Die Sorge in Washington ist, dass mit einer Schwächung dieser Forschung chinesische Player wie der Netzwerkausrüster und Smartphone-Anbieter Huawei die Oberhand bei 5G bekommen könnten. Besonders US-Militär und Sicherheitsbehörden ist nicht wohl bei der Aussicht, eventuell auf Netzwerktechnik aus China angewiesen zu sein. Huawei wird in den USA gerade als Sicherheitsrisiko angesehen, während das Unternehmen jegliche Verstrickungen mit chinesischen Geheimdiensten zurückweist.

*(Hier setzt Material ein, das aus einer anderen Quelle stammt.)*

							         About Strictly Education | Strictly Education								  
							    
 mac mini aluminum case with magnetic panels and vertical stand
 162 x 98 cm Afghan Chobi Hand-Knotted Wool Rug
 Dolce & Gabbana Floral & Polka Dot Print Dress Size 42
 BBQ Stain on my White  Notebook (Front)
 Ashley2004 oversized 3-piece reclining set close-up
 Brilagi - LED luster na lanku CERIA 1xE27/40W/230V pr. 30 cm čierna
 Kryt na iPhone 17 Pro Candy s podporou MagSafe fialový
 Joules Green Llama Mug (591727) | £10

Gebot von 121 Milliarden Dollar: Teuerster Deal der Tech-Geschichte

Broadcom hatte für Qualcomm in der Spitze 121 Milliarden Dollar geboten, plus die Übernahme von Schulden in Höhe von 25 Milliarden Dollar. Dann wurde die Bewertung um vier Milliarden Dollar gekürzt, nachdem Qualcomm seinerseits das eigene Übernahmeangebot für den europäischen Chipspezialisten NXP hochschraubte. NXP ist stark bei NFC-Funkchips, die zum Beispiel in Zugangs- oder Bankkarten verwendet werden, sowie bei Technik für vernetzte Autos.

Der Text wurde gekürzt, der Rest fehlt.